Half-solitons in a polariton quantum fluid behave like magnetic monopoles

TL;DR

This paper demonstrates that half-solitons in a polariton quantum fluid act like magnetic monopoles, showing behavior analogous to magnetic charges and opening avenues for magnetic current generation in quantum fluids.

Contribution

It provides the first experimental evidence of half-solitons behaving as magnetic monopoles in a polariton condensate.

Findings

Half-solitons behave as magnetic monopoles.

Half-solitons are accelerated by an effective magnetic field.
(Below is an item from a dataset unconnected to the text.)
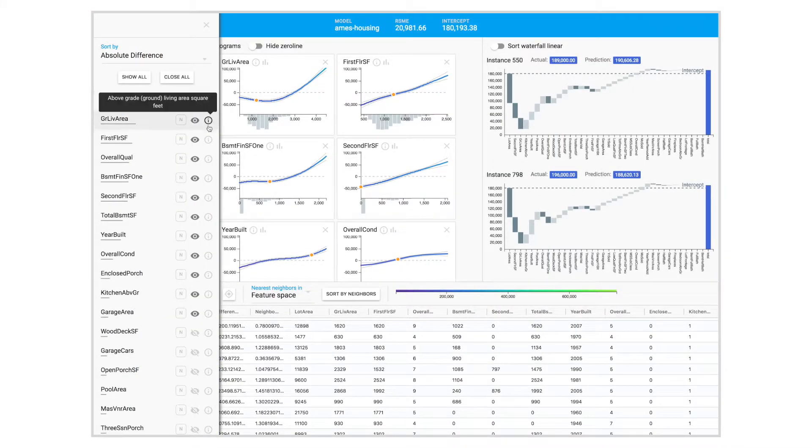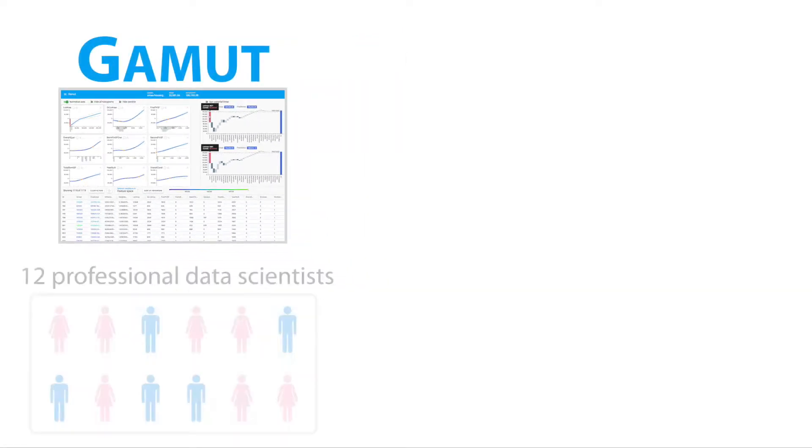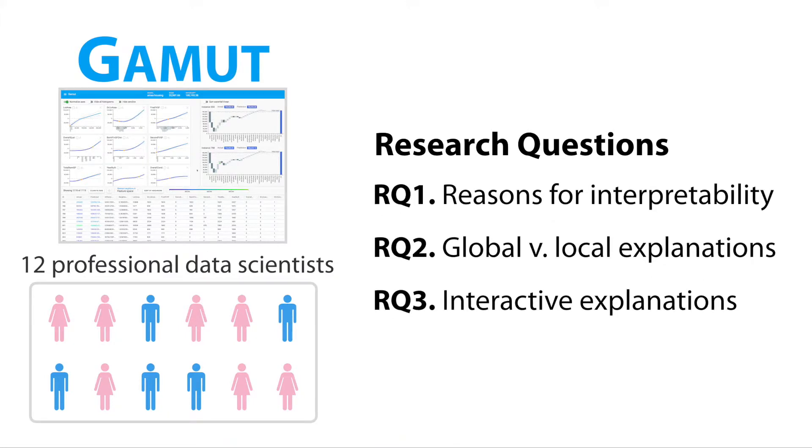Through an iterative design process with expert machine learning researchers and practitioners, we designed a visual analytics system called Gamut and used it as a design probe to investigate why and how interactive interface affordances can help professional data scientists interpret models.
Spatial separation of opposite charges observed.

Abstract

Monopoles are magnetic charges, point-like sources of magnetic field. Contrary to electric charges they are absent in Maxwell's equations and have never been observed as fundamental particles. Quantum fluids such as spinor Bose-Einstein condensates have been predicted to show monopoles in the form of excitations combining phase and spin topologies. Thanks to its unique spin structure and the direct optical control of the fluid wavefunction, an ideal system to experimentally explore this phenomenon is a condensate of exciton-polaritons in a semiconductor microcavity. We use this system to create half-solitons, non-linear excitations with mixed spin-phase geometry. By tracking their trajectory, we demonstrate that half-solitons behave as monopoles, magnetic charges accelerated along an effective magnetic field present in the microcavity. The field-induced spatial separation of half-solitons of opposite charges opens the way to the generation of magnetic currents in a quantum fluid.